Es gibt auch pragmatische Überlegungen, wenn es um die interne oder externe Veröffentlichung geht: "Phantombilder kommen erst mal intern in die Fahndung", sagt Antje Schumacher, "damit nicht jeder Hinz und Kunz anruft und sagt, er habe seinen Nachbarn wiedererkannt." Jeder Polizist kann das Bild im Intranet sehen, "die kennen ja auch ihre Pappenheimer, das sind oft Wiederholungstäter, gerade im Bereich Raub. Einer sagt sich dann, Mensch, das ist doch der Kalle aus dem Wedding, da müssen wir doch mal nachhaken und gucken."

In Niedersachsen wird ein Phantombild meist "in Zusammenhang mit Verfahren der mittleren und schweren Kriminalität erstellt", heißt es beim LKA. Für die Veröffentlichung in den polizeiinternen Medien sei die Zustimmung der Staatsanwaltschaft erforderlich, für eine Öffentlichkeitsfahndung müsse ein richterlicher Beschluss vorliegen. Die Aufbewahrungsdauer eines Phantombildes richte sich nach den "allgemeinen Löschfristen" für polizeiliche Daten.
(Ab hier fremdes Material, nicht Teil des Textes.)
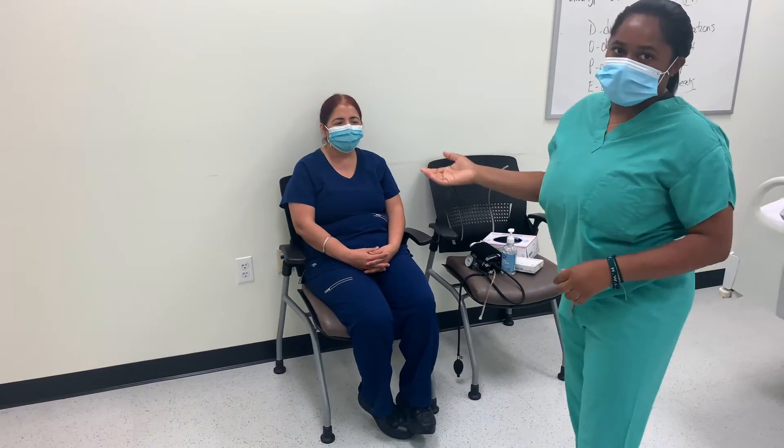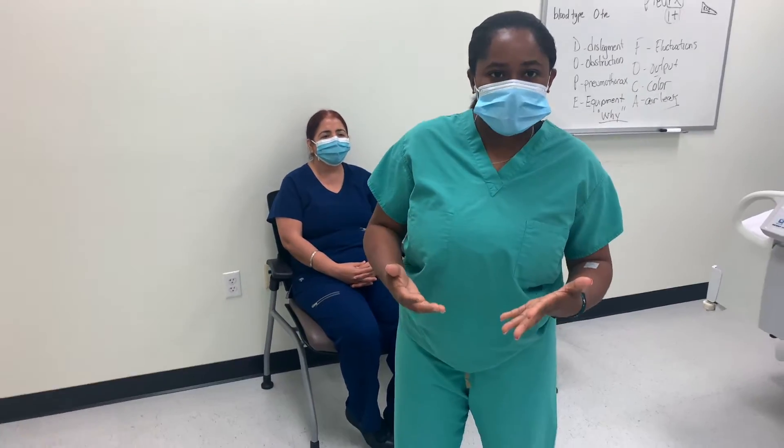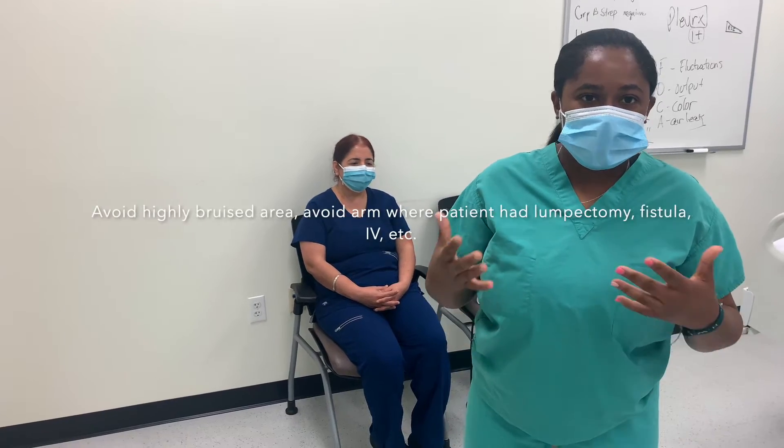So I do have my patient here. A few things to know before you take a manual blood pressure — you want to know a little bit about the patient history. You also want to know if the patient has a continuous pulse ox on, because that could interfere with the oxygen level reading. You also want to look at the nature of the patient's skin and avoid any arms with IVs, lines, or contraindications like patients on dialysis. Make sure you're looking out for these things before you do a manual blood pressure on a certain site.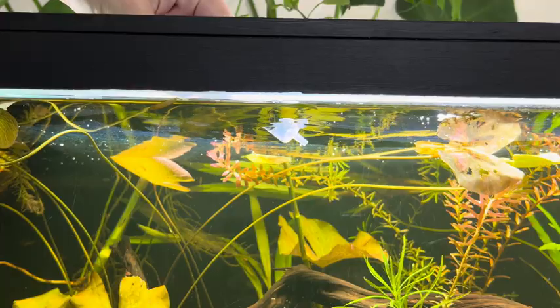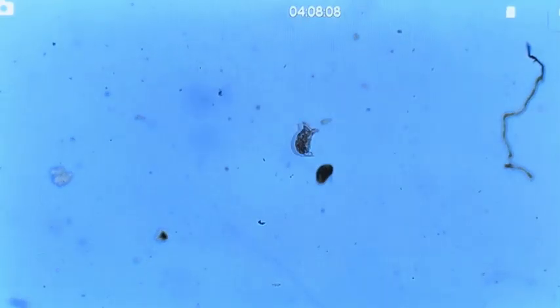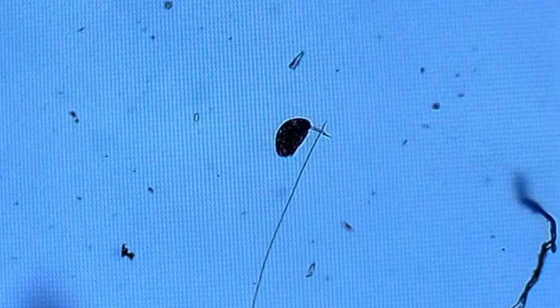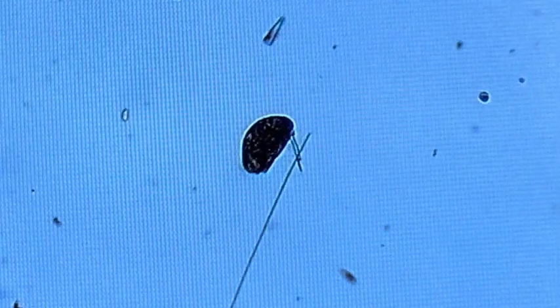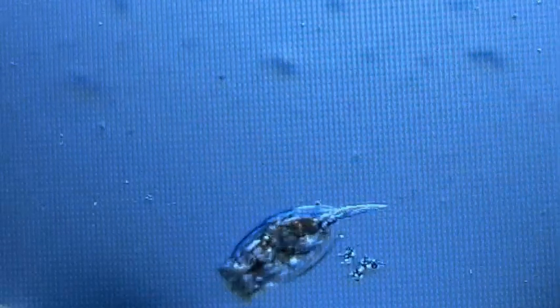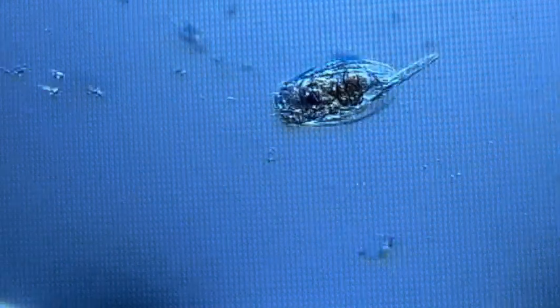I'm curious about what we will find on the surface of the water with biofilm. Here, we have a rotifer and an ostracod side by side. The ostracod seems to be holding something with its antennae that I can't identify, and it seems to be feeding on it. The organism you see here is called a rotifer. They have a complex, segmented body with a head, trunk, and tail. Their most distinctive feature is the corona, a crown of ciliated cells at the head end that they use for feeding and locomotion. Rotifers use their ciliated corona to create a vortex of water, which helps them capture and ingest tiny particles such as algae, bacteria, and protozoa.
In Sachsen-Anhalt wiederum "gibt es grundsätzlich keine Einschränkung auf bestimmte Delikte oder Deliktschwere." Aufbewahrt würden die Phantombilder "zumindest bis zum Abschluss des Verfahrens", erklärt das LKA. "Ansonsten richten sich die Aufbewahrungsfristen nach den rechtlichen Voraussetzungen."

In Nordrhein-Westfalen werden als Straftaten "von erheblicher Bedeutung" genannt, bei denen ein Phantombild erstellt werden könne: "Tötungsdelikte, Raubdelikte, Sexualdelikte, Körperverletzungsdelikte, Verkehrsunfallfluchten, Seriendelikte, Delikte, die eine besondere Aufmerksamkeit oder Beunruhigung in der Bevölkerung ausgelöst haben, medienwirksame Delikte, Verbrechen und Staatschutzdelikte". Der Sachbearbeiter müsse für die Veröffentlichung in den Medien "nach §131b StPO zuvor über die zuständige Staatsanwaltschaft eine richterliche Genehmigung einholen", betont das LKA Nordrhein-Westfalen. "Das fertige Produkt Fahndungsbildmontage wird der anfordernden Behörde überlassen, die es verantwortlich nutzt. Wir im LKA NRW betreiben diesbezüglich keine Datenspeicherung."

In Brandenburg gibt es laut LKA keinen genauen Straftatenkatalog für die Erstellung von Phantombildern. "Es werden aber nicht nur schwere Straftaten bearbeitet. Grundsätzlich liegt diese Entscheidung bei den ermittelnden Sachbearbeitern der Kriminalpolizei." Diese erhalte die Phantombilder auf Papier und digital. Die Ermittler "entscheiden innerhalb ihrer Dienststellen über die weitere Verwendung (Ermittlung oder Veröffentlichung in den Medien oder InPol). Daher kann der Ablauf jedes Mal anders aussehen." Aufbewahrt würden die Bilder dann entsprechend "Verjährungsfristen der Straftaten".

In Baden-Württemberg würden Phantombilder immer dann erstellt, "wenn wir Straftaten dadurch aufklären können. Das ist straftatenunabhängig", sagt Rainer Wortmann: "Wenn wir einen Zeugen haben, der sich an etwas erinnern kann, mit einer bestimmter Einzigartigkeit: Dann können wir ein Phantombild erstellen. Gerade wenn ein Sachbearbeiter keine oder wenig Hinweise auf den Täter hat. Und wenn er schon einen Täterverdacht hat, kann ein Phantombild den stärken - oder auch schwächen."

Phantombilder werden in der täglichen Lagemeldung im Land veröffentlicht: Polizisten, welche im näheren Umfeld tätig sind, würden 80 bis 90 Prozent der Abgebildeten selbst wiedererkennen. Dabei handelt es sich, betont Wortmann, um "keine Veröffentlichung in dem Sinne, da der Personenkreis bestimmt ist, daher ist kein Richtervorbehalt nötig." Für die externe Veröffentlichung des Bildes gelte dagegen der Richtervorbehalt; eine allgemeine Veröffentlichung von Phantombildern sei Delikten wie Körperverletzung, Raub, Mord und Serientaten vorbehalten. Nur etwa 10 bis 20 Prozent der Bilder werden extern veröffentlicht. Die Aufbewahrungszeit richtet sich nach den Datenschutzrichtlinien für die Fallakte.